The HUMBOLDT Framework is an architecture of software components and services aimed at managing the harmonisation process of geoinformation within the European context. The methodology of the HUMBOLDT development is based on a dual approach, comprising both a technological and an application side, and on an iterative process of implementation, during which the solutions found are tested and validated with the cooperation of an application momentum, composed of Scenarios that cover topics of great importance also in GMES.
Geoinformation has become more and more relevant in supporting decision making during the last two decades. With the rise of geodatabases and digital information sharing, data models were developed and consistency rules were established. Although large investments have been spent on this migration, it has paid off in more streamlined procedures and higher quality of the data.

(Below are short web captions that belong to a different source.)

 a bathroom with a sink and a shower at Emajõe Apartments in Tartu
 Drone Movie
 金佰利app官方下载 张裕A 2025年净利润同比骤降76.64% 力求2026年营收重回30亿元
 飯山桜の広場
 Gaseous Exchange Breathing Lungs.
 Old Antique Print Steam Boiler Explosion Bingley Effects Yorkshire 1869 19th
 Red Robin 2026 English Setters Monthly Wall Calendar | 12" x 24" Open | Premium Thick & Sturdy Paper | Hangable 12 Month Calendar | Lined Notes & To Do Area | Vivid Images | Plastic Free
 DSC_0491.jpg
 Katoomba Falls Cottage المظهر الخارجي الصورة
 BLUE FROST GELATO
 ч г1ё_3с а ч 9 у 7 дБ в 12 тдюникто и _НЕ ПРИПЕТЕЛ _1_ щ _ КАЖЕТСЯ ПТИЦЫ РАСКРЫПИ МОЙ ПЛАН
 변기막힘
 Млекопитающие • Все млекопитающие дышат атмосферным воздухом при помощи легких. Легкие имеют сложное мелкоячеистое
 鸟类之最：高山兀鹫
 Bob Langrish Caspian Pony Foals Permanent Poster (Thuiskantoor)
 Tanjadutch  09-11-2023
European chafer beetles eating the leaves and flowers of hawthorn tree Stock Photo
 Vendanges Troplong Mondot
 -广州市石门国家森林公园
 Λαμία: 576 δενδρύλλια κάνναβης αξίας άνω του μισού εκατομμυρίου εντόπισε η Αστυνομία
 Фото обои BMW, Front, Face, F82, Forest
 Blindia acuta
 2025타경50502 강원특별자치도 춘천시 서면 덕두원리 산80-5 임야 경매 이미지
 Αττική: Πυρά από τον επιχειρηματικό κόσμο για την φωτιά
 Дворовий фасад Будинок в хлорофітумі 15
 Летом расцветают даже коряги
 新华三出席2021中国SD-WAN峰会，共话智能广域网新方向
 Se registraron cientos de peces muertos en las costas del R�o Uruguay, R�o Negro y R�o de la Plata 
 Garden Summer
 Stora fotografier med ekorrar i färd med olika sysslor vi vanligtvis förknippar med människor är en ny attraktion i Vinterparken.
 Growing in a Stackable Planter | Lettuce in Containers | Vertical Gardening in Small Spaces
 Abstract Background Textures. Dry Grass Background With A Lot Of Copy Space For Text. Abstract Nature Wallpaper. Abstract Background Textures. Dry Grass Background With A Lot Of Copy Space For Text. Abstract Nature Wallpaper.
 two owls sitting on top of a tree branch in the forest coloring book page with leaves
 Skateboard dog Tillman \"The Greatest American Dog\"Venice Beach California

This has reduced cost and increased the efficiency of data management within the data production organisations. As an example, the reduction in delivery times and costs for providing basic maps and carthography, using geoservices instead of paper map sheets is clear.
It is sometimes claimed that data is used for making decisions and value is created when decisions are turned into action (Krek and Frank Citation2000). When building up a European SDI, we then face the problem of having the data producers having the major costs of the SDI implementation, while the data users, or the ones having the benefits, sit at other organisations. As more and more services in the field of data harmonisation become available, the more efficient and complete can be the availability and reliability of those data and services.
The HUMBOLDT Protected Areas Scenario applications have demonstrated in practice that the implemented framework for data harmonisation described is a working solution to tackle a variety of geodata harmonisational issues.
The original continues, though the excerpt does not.